Однако и Яшенька и Сеничка были относительно безобидными существами (первый даже стал жертвой безграничного властолюбия матери). Этого никак нельзя сказать про Семена Семеновича Фурначева, в котором уже видится елейная и хищная повадка будущего Иудушки. Зорко следя за судьбой наследства Пазухина, он тем временем корчит из себя бескорыстного праведника:
«Меня чем бог самого благословил, тем я и доволен, потому что знаю, что ничто так жизнь человеческую не сокращает, как завистливый взгляд на чужое достояние.

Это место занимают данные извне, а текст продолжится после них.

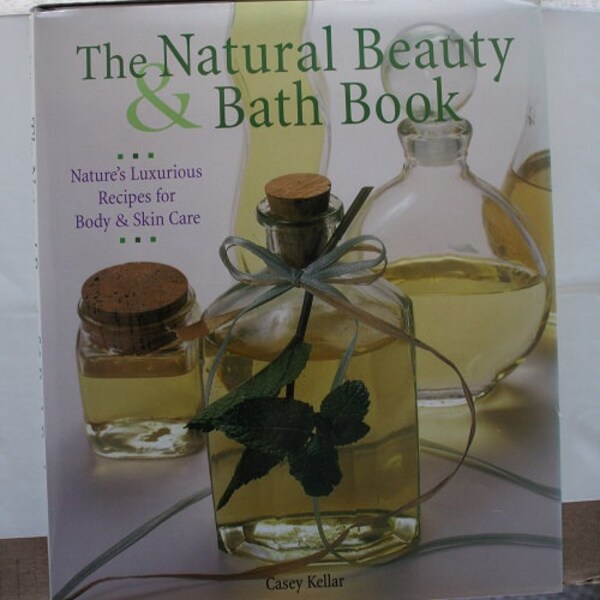 The Natural Beauty and Bath Book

Что папеньке будет угодно, по милости своей, мне назначить, я всем буду доволен, а если и ничего не назначит, и тут роптать не стану…»
В «Семейном счастье» куда более зловещую фигуру, чем его слащаво-медоточивый святоша брат, представляет Митенька, при одном имени которого даже властная мать «чувствовала какой-то панический страх, точно вот он сейчас возьмет да и проглотит ее».
Прав был Тургенев и тогда, когда ощущал, что, создавая образ матери, Щедрин щедро использовал свой жизненный опыт. Не только Арина Петровна, но и сам Иудушка и Степка-балбес — все они в значительной степени имеют себе аналогии в матери и братьях самого писателя.